結果として、不妊手術によって猫が増えない⇒おしっこのにおいが軽減⇒美化によりトラブルが減る⇒コミュニケーションが増える⇒子どもが命を尊重することになる。課題としてはトラブルはすぐに解決しないこと、時間がかかります。猫を捨てることは犯罪なので110番していいです。TNR※によって適切な飼育を考えることは地域力の向上につながります。地域猫活動は人間にとっても豊かな地域になります。

※TNRは、「Trap(捕獲)、Neuter(不妊手術)、Return(元の場所に戻す)」の頭文字で「地域猫活動」。地域猫とは、特定の地域において人間によってお世話がされている野良猫のこと。TNRは、「猫の命を大切にし、一代かぎりの猫の命を守る」という目的をもって活動している。

 

次に葛飾のら猫相談所「カツネコ」の活動について、王白姫さん(相談員)からお話を伺いました。

のら猫にエサをあげていた人が高齢になり入院。近所から苦情がでて、人と人とのトラブルを目の当たりにしました。自分たちは猫の避妊の活動をしてきましたが、このままではまちが壊れるのではないかと思い、愛護の目線で活動したいという人もいますが、まちぐるみで命を全うするほうがいいのではと考え、そのためには住民の理解が大事だと気づきました。残念ながら猫を好きだという人がエサをあげることはなくならず、実はほかのまちから来てルールを守らない人であったりしています。そこで区をあげてやっていくことではと考え、5年前から保健所に相談してきました。
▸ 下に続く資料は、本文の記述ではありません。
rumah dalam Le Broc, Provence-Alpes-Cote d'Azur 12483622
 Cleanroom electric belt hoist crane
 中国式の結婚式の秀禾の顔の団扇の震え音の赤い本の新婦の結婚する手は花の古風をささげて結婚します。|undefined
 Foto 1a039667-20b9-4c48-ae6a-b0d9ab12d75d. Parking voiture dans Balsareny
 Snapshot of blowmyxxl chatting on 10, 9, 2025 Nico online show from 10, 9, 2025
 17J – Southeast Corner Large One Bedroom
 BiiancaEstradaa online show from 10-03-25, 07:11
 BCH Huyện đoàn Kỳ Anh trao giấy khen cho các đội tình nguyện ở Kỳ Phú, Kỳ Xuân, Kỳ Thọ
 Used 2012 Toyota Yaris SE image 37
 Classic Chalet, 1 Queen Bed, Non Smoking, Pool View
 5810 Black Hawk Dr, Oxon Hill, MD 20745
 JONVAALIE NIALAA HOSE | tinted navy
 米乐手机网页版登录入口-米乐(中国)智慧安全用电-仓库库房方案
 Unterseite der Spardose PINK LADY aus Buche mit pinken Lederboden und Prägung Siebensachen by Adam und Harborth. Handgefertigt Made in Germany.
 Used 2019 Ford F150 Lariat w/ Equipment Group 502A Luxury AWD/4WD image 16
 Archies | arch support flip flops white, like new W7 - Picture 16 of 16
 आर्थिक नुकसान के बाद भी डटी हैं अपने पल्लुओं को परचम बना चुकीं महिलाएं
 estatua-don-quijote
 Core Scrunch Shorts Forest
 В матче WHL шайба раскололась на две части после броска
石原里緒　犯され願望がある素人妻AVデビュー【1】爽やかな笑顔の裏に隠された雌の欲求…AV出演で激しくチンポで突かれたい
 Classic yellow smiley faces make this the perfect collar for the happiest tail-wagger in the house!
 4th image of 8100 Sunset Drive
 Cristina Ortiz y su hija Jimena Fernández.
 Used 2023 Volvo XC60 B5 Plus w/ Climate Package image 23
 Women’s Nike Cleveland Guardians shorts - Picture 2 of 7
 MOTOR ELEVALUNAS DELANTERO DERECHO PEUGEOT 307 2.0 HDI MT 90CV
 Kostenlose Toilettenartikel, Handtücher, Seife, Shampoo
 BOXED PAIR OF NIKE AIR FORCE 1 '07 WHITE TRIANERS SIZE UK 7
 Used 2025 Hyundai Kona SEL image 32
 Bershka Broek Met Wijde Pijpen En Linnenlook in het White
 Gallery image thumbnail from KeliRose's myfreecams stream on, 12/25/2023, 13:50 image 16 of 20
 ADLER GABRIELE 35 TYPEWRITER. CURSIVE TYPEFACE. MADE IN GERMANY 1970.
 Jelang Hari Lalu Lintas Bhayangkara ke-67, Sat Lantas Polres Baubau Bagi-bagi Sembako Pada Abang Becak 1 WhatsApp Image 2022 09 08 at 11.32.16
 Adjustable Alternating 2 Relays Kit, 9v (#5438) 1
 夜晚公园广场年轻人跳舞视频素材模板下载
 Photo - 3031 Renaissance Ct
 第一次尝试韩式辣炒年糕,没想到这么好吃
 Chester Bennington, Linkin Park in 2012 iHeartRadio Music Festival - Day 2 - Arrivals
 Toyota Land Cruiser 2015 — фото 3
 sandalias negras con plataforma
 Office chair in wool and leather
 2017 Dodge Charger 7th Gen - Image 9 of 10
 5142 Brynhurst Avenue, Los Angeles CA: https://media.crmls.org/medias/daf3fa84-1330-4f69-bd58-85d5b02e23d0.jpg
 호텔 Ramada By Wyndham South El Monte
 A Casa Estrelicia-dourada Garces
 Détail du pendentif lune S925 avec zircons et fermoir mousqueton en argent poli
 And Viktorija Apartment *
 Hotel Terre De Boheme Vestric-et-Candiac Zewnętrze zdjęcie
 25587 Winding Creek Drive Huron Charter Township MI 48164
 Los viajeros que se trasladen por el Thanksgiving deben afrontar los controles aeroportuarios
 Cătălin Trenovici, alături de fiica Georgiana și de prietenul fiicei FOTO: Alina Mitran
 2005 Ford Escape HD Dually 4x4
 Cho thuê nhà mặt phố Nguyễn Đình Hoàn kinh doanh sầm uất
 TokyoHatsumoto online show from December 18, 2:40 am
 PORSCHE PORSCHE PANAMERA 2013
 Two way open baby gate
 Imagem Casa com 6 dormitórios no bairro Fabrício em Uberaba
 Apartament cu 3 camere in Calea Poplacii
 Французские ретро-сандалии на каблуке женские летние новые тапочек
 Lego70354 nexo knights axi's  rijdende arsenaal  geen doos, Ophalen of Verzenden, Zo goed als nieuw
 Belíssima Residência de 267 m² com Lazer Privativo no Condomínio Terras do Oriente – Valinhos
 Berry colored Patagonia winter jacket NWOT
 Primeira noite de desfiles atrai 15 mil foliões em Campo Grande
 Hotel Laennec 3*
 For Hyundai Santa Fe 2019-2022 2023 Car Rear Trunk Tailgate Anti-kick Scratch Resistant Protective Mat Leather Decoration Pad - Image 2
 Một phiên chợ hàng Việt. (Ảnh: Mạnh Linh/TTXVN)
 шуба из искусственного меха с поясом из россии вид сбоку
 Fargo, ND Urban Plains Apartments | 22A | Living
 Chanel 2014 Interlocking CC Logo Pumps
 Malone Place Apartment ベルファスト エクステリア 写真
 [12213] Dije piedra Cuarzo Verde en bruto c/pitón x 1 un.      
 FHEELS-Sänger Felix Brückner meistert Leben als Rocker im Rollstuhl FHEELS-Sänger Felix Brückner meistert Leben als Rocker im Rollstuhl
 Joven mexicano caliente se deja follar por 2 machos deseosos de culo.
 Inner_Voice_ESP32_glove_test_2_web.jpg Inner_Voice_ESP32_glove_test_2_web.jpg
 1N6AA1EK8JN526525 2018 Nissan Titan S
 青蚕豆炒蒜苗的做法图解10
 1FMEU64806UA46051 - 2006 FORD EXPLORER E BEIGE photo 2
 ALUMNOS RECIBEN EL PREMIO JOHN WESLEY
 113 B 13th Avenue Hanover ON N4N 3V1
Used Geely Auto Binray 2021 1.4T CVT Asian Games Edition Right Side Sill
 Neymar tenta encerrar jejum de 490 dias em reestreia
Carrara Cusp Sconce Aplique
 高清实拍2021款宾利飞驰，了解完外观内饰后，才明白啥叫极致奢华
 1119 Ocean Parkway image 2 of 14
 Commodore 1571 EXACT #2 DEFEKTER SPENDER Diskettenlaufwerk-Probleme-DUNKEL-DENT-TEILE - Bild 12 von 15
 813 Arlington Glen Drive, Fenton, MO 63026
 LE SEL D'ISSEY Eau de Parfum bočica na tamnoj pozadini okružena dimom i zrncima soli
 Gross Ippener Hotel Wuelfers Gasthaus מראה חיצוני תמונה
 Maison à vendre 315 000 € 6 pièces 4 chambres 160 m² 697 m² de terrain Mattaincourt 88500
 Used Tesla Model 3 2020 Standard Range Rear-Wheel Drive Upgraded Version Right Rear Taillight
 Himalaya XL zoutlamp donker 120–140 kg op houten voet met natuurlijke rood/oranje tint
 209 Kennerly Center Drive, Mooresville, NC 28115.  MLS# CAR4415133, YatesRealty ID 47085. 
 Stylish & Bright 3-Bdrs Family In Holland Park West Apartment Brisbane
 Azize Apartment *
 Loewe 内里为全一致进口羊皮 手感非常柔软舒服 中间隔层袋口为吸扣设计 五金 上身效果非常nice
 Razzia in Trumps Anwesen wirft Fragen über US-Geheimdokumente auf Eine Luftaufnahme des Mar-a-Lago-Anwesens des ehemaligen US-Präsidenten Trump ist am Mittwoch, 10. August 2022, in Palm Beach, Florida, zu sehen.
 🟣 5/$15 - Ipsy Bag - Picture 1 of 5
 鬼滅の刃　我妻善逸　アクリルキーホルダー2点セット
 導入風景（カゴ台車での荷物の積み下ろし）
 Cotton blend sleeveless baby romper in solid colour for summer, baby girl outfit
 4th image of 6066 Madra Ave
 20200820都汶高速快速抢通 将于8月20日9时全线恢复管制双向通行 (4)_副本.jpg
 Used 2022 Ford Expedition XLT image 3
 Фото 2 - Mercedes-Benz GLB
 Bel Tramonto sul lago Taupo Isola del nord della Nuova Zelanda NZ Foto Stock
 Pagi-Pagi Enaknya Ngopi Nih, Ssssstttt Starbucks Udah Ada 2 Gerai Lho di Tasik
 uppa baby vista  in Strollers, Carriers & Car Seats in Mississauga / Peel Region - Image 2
苦情の内容を聞くことで問題点が出てくることもわかり、苦情がどんなものか、調査してきました。地域の問題に文句を言いたい人はいますが、自分たちはいくらでも謝れるので問題はありません。猫を嫌いな人やアレルギーの人は好きな人と同じようにするのではなく、自分のできることをすればいいと思います。例えば、猫台帳を書くなどの役割を分担して、地域貢献することができます。うまくいかなくなると感情的になってしまいます。だから、トラブルがあったときは自分たちのようなボランティアを使ってほしい。自分ができることをすることでトラブルがなくなるのではないでしょうか。例えば愛護の視点で83頭の猫の世話をしていたボランティアの人が入院した場合、替わりにボランティアできる人がを探すことは難しいので、そのまちで解決するしかないと思います。

この10年いろいろが活動をしてきましたが、今一番の問題は動物虐待です。虐待はその場で 110番をしてほしい。あとは警察が決めるので躊躇しないで電話をお願いします。

地域猫活動を通して住みやすいまちにしていくという発想の転換、さらに苦情から問題点を探り、解決策を導き出し、コミュニケーションのきっかけにできれば、人よし、猫よし、町内よしに通じると思いました。